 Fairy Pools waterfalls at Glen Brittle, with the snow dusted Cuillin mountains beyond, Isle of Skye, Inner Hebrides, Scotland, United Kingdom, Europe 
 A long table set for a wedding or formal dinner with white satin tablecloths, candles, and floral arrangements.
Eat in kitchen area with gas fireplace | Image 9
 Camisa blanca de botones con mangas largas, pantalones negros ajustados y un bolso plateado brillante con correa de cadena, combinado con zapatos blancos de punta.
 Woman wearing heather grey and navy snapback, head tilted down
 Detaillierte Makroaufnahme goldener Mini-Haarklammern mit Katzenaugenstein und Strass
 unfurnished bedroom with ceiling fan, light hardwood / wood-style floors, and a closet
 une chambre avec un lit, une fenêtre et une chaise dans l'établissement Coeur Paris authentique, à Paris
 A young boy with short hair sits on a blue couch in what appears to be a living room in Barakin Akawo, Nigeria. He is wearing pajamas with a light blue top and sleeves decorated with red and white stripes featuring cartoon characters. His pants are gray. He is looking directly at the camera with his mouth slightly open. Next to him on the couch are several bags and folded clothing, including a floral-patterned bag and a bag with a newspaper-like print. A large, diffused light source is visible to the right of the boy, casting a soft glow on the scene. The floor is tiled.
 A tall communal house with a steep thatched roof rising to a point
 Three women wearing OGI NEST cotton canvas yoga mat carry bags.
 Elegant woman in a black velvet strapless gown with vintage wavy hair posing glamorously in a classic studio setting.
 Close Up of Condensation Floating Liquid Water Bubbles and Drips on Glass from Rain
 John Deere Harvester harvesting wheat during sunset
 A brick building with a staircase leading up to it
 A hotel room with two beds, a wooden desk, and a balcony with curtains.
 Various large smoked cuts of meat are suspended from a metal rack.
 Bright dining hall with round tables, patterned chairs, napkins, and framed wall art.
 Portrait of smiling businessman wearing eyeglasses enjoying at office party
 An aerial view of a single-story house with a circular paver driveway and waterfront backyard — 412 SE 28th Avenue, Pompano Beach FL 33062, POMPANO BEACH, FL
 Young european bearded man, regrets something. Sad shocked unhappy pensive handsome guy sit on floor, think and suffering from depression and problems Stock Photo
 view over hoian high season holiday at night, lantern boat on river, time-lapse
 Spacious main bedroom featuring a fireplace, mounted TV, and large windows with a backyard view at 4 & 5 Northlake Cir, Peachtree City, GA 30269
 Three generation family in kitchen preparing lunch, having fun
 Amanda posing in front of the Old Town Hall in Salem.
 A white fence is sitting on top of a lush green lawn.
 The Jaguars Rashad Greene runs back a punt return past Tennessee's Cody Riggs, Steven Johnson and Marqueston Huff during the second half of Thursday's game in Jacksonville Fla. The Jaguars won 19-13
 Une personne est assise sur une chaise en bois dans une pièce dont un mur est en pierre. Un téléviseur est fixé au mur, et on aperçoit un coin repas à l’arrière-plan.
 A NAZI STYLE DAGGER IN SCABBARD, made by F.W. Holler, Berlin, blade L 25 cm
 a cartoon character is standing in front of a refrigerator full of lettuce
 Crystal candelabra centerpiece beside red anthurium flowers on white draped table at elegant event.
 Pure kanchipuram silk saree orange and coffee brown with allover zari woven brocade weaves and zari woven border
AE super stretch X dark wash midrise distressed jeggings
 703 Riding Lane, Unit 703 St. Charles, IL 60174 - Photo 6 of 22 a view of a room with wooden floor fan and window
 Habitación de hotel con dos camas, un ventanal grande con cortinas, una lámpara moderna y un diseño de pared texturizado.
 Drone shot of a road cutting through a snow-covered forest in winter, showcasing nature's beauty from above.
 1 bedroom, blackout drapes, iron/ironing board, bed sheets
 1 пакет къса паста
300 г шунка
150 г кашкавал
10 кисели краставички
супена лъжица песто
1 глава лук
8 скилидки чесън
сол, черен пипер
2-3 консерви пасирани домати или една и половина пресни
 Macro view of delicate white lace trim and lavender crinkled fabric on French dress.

**WHAT YOU ARE ASKED TO DO**.
Go line by line through the data above and report each one that holds the string "hotel".

**OUTPUT FOR THIS TASK**.
 A hotel room with two beds, a wooden desk, and a balcony with curtains.
 Habitación de hotel con dos camas, un ventanal grande con cortinas, una lámpara moderna y un diseño de pared texturizado.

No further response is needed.